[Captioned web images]
______________________________
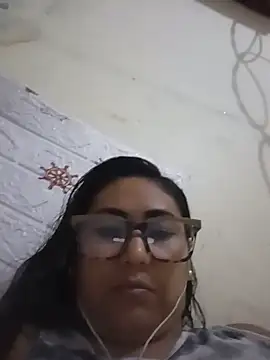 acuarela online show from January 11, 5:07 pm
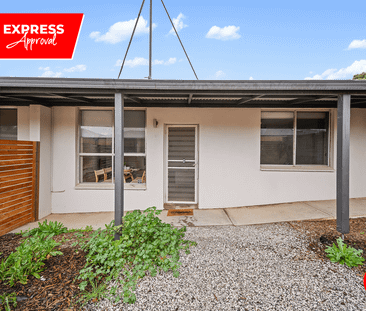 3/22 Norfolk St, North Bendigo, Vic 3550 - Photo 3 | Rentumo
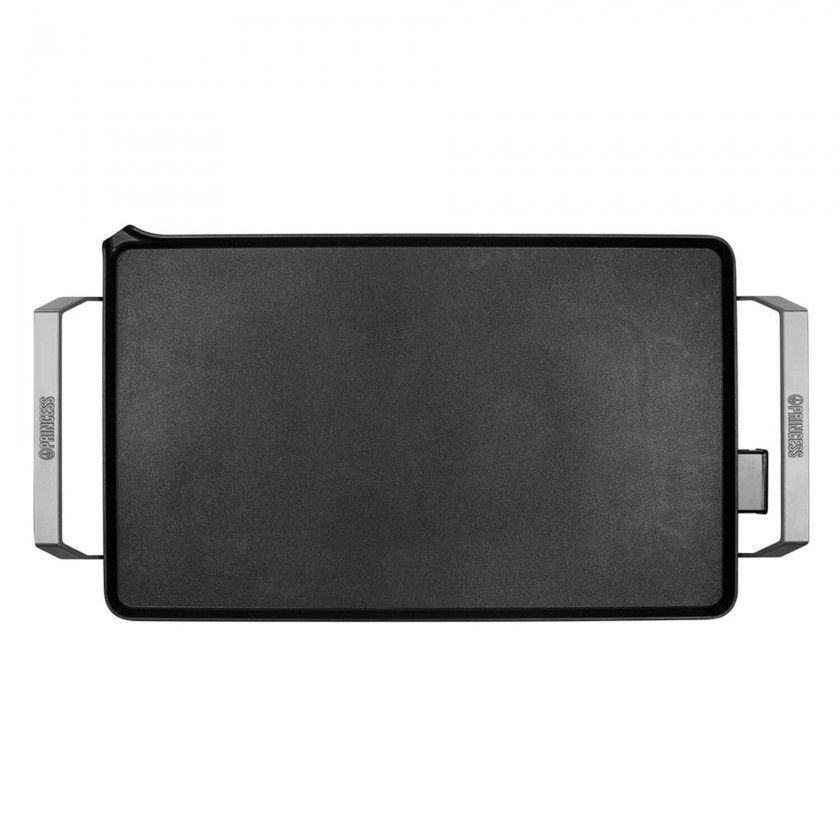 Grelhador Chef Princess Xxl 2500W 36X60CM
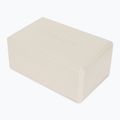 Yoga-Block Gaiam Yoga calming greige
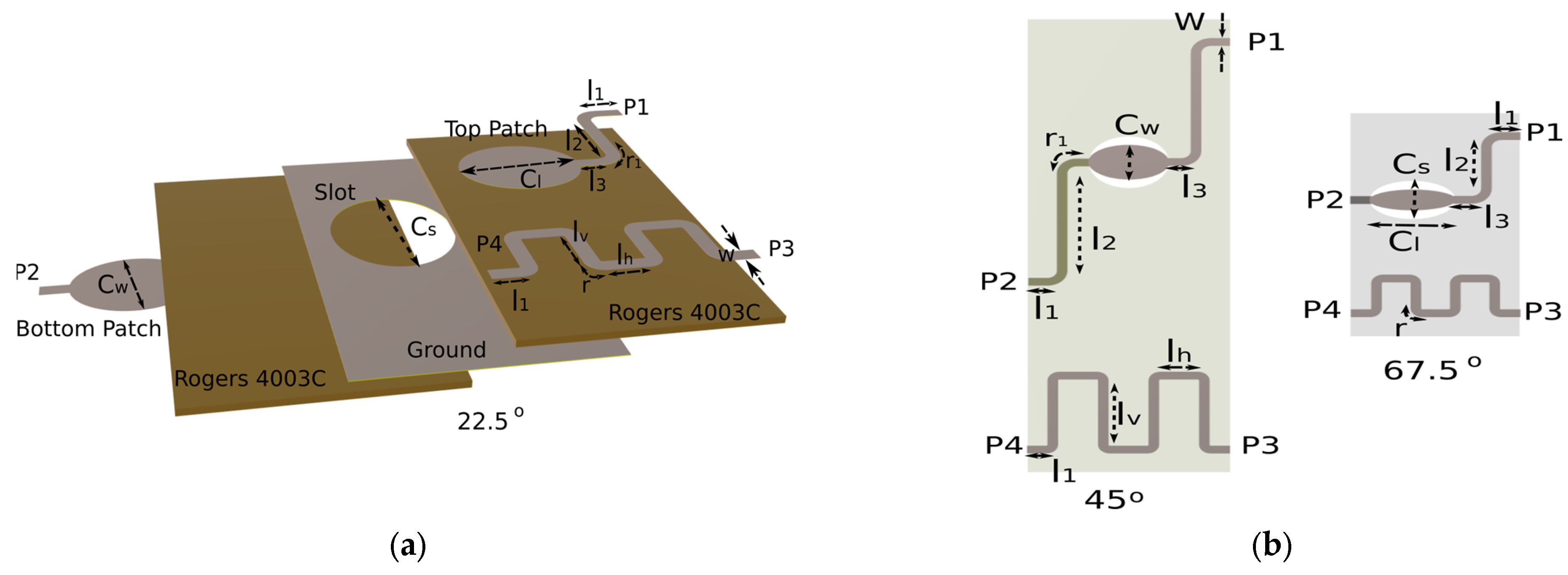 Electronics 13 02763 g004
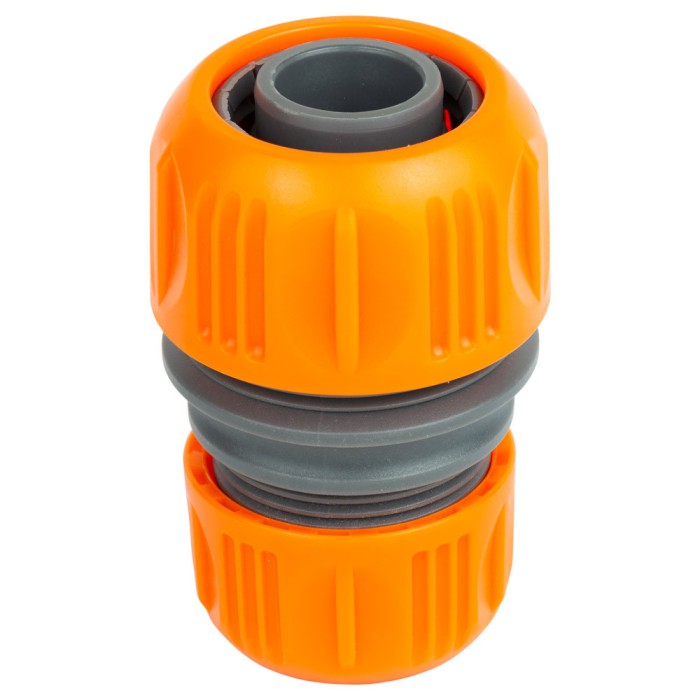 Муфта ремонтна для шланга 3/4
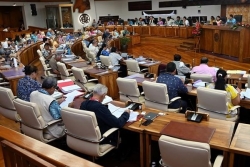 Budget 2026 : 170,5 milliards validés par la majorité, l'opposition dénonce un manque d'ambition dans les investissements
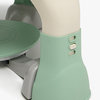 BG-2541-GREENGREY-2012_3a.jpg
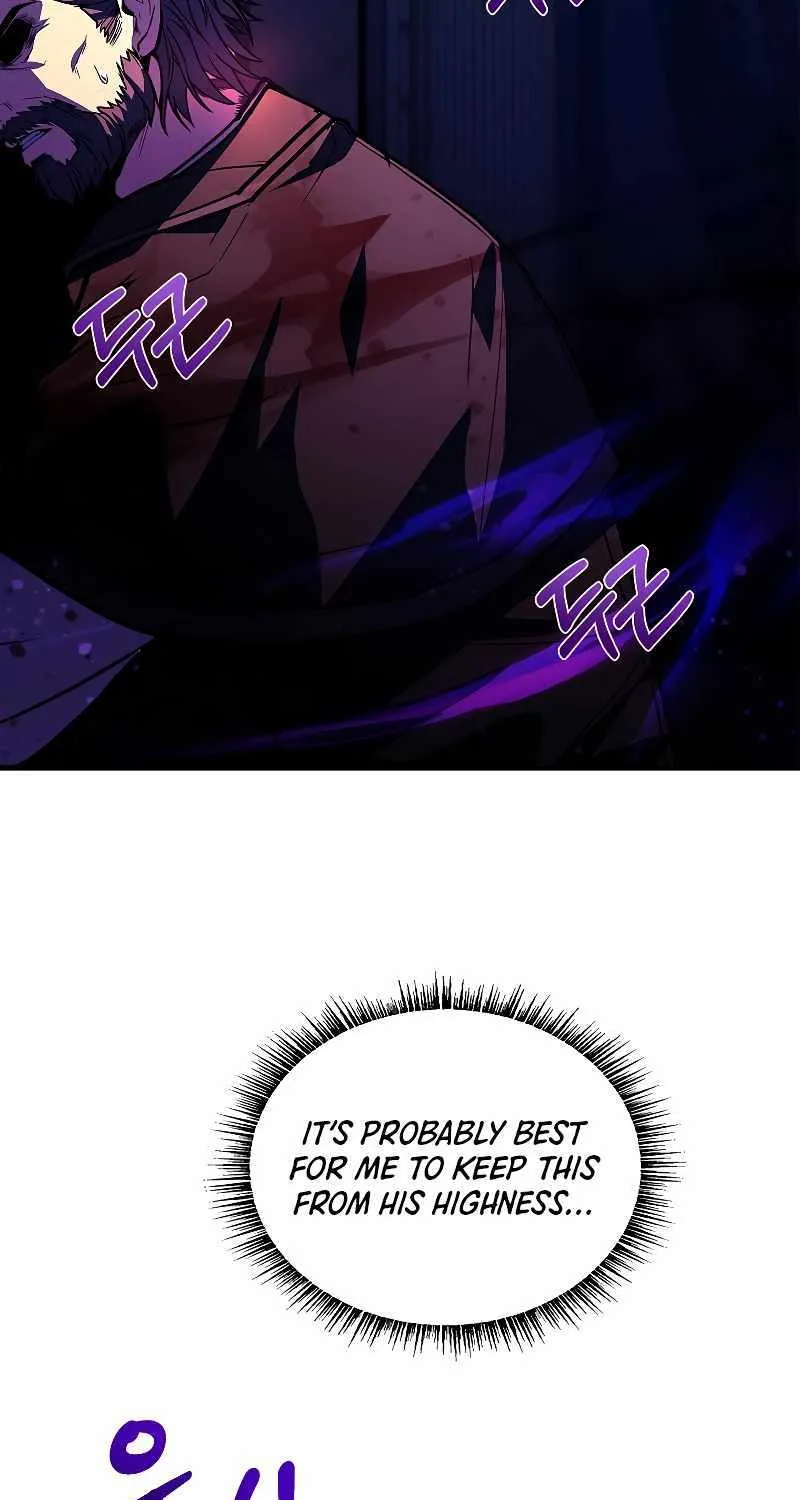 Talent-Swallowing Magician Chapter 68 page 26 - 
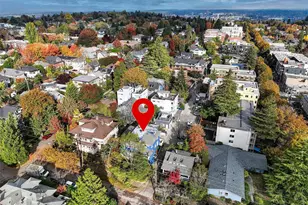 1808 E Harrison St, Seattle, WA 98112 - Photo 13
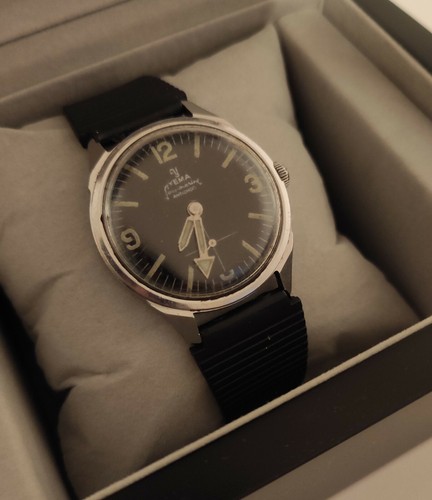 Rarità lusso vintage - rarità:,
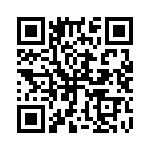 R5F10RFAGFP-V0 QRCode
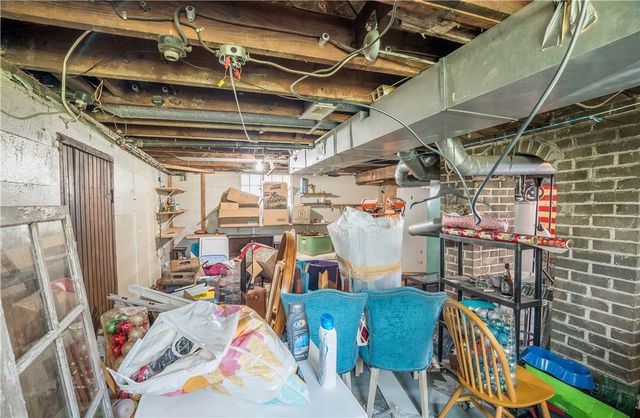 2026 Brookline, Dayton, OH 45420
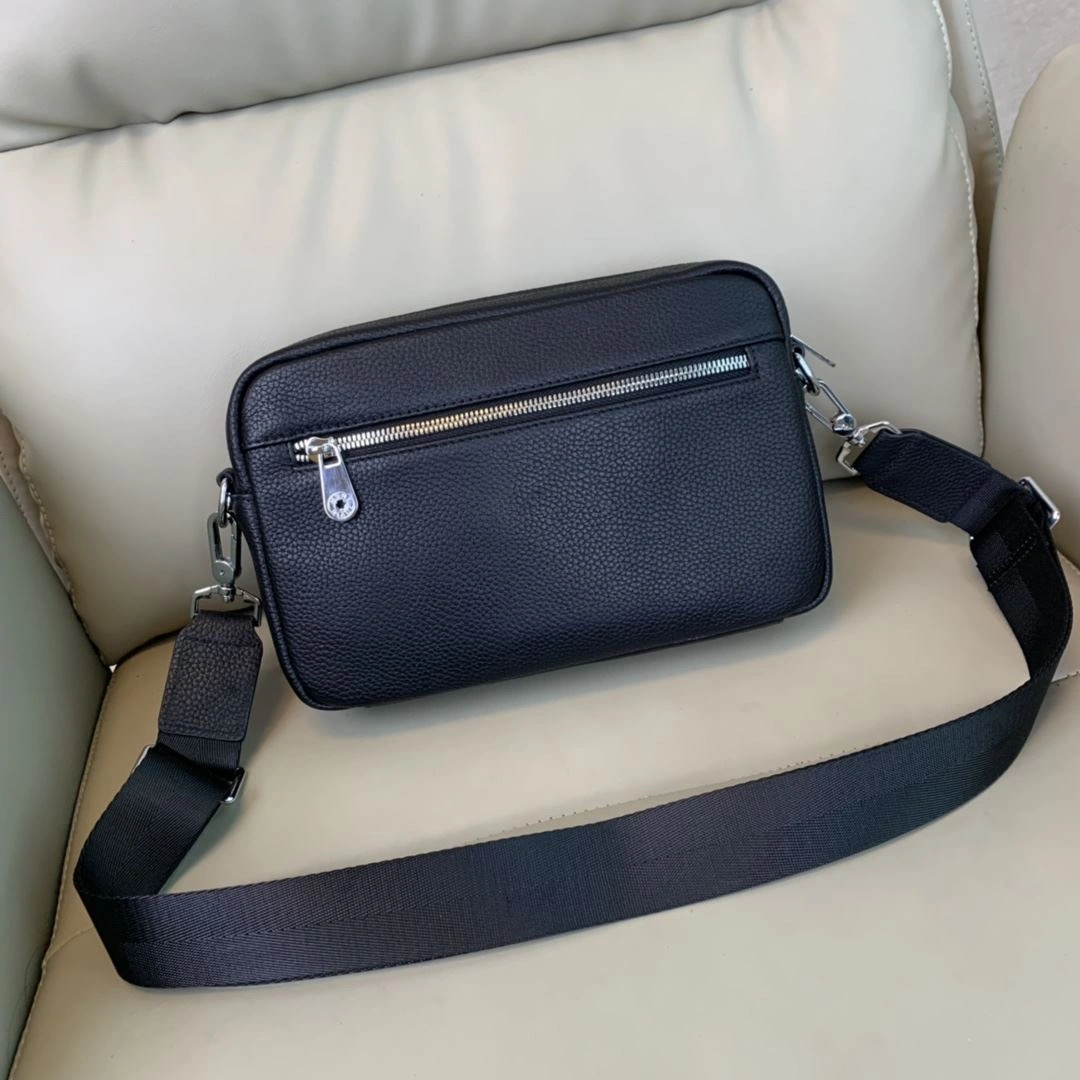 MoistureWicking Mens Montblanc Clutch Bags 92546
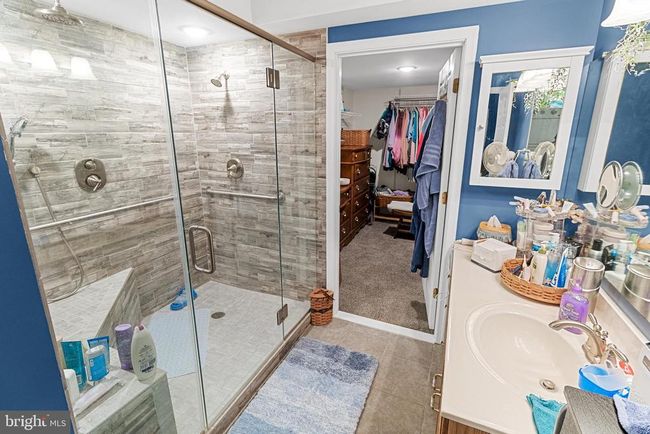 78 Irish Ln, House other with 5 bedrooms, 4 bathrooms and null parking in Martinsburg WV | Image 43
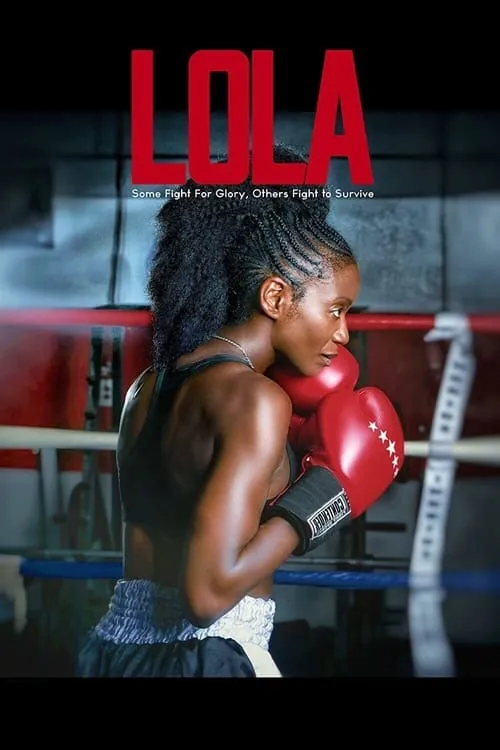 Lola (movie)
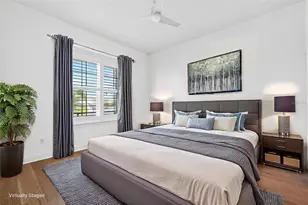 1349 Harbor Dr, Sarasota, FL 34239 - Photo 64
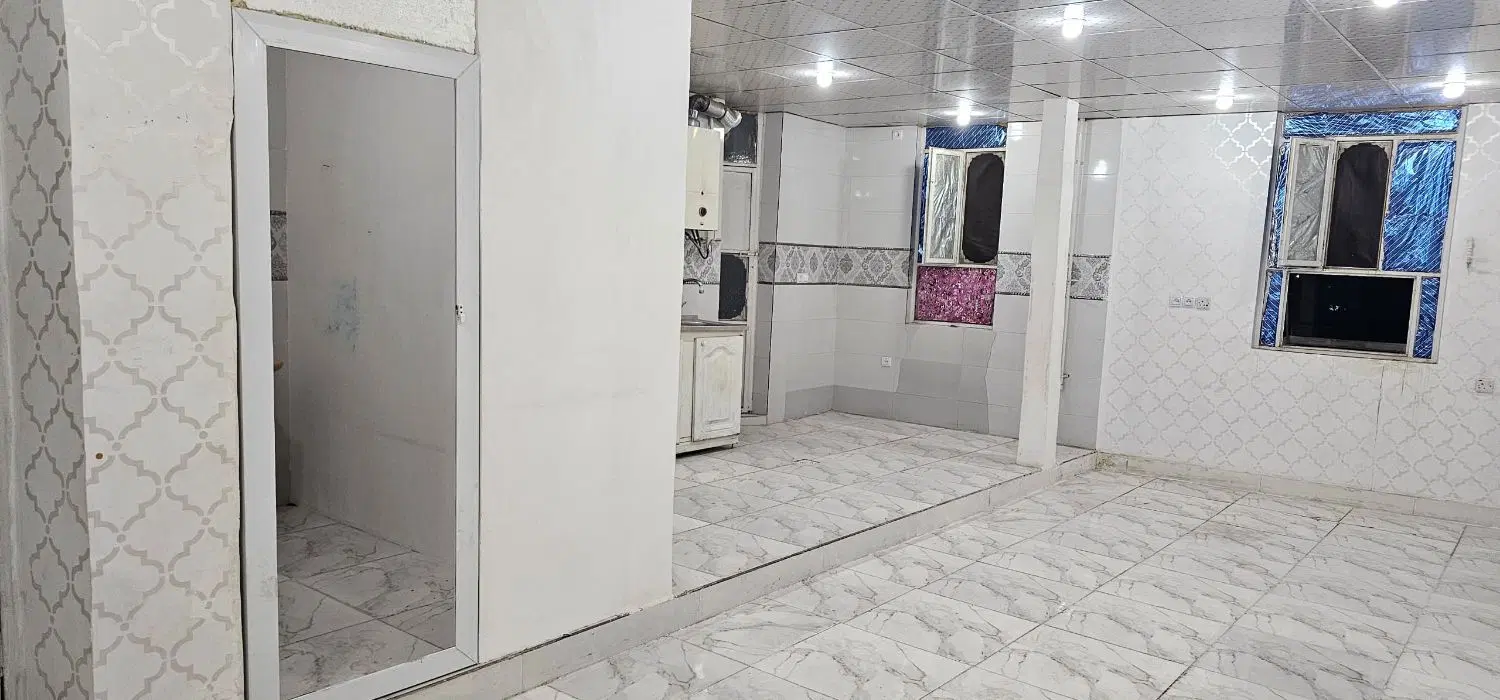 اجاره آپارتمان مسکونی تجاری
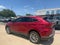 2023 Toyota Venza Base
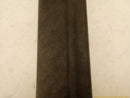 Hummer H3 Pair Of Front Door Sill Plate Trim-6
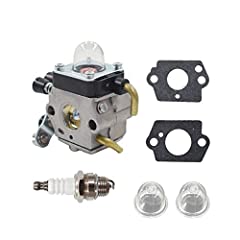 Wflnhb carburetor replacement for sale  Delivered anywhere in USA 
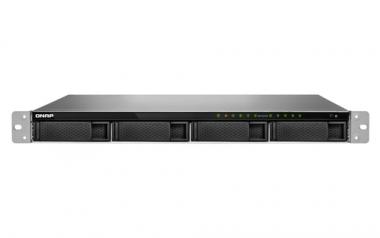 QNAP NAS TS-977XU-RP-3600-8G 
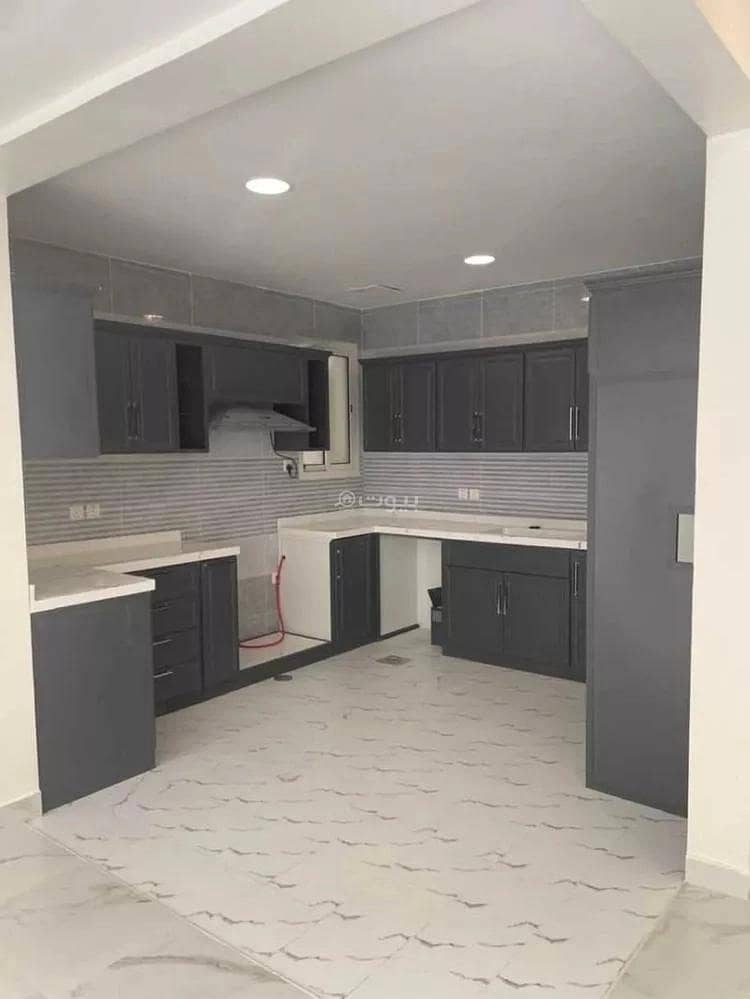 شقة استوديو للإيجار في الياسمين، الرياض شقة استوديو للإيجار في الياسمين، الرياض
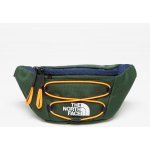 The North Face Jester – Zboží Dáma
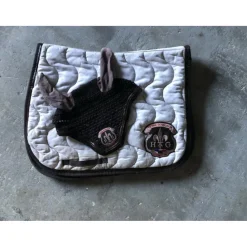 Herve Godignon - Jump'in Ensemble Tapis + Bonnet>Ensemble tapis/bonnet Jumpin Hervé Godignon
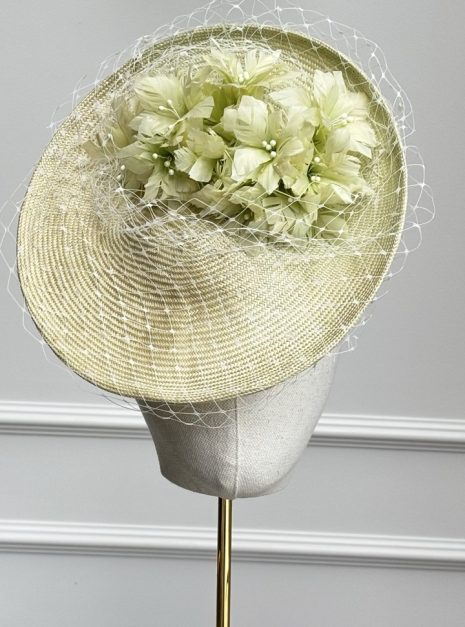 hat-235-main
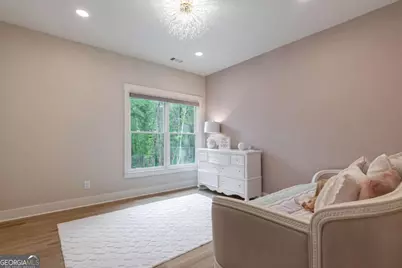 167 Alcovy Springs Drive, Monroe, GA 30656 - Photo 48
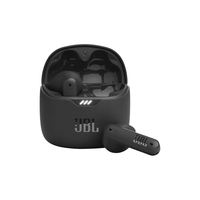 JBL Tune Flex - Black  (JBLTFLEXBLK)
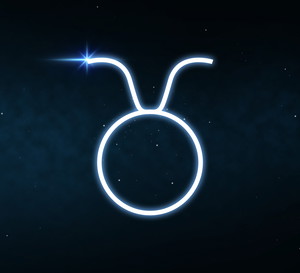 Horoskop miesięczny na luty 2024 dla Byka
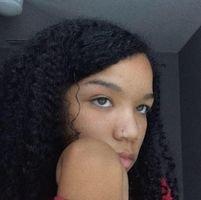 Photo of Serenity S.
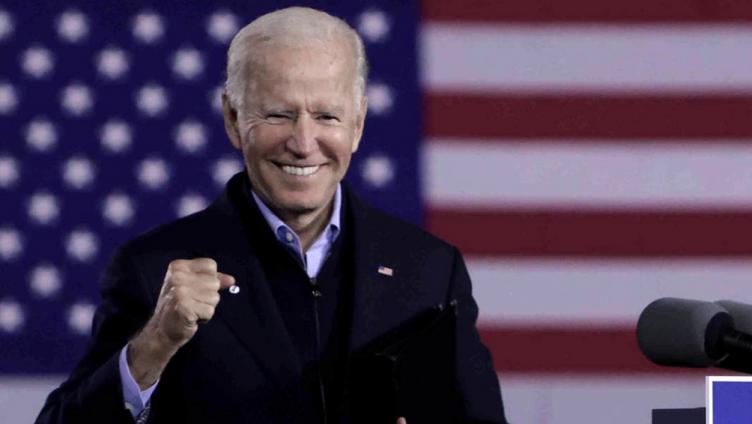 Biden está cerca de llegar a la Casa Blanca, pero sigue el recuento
______________________________
- [Task to carry out] In the records above, find the line with "QNAP NAS TS-977XU-RP-3600-8G" and the line with "167 Alcovy Springs", then restate word for word only those two lines and all lines between, omitting pictures.

- [Answer section]
 QNAP NAS TS-977XU-RP-3600-8G 
 شقة استوديو للإيجار في الياسمين، الرياض شقة استوديو للإيجار في الياسمين، الرياض
 The North Face Jester – Zboží Dáma
 Herve Godignon - Jump'in Ensemble Tapis + Bonnet>Ensemble tapis/bonnet Jumpin Hervé Godignon
 hat-235-main
 167 Alcovy Springs Drive, Monroe, GA 30656 - Photo 48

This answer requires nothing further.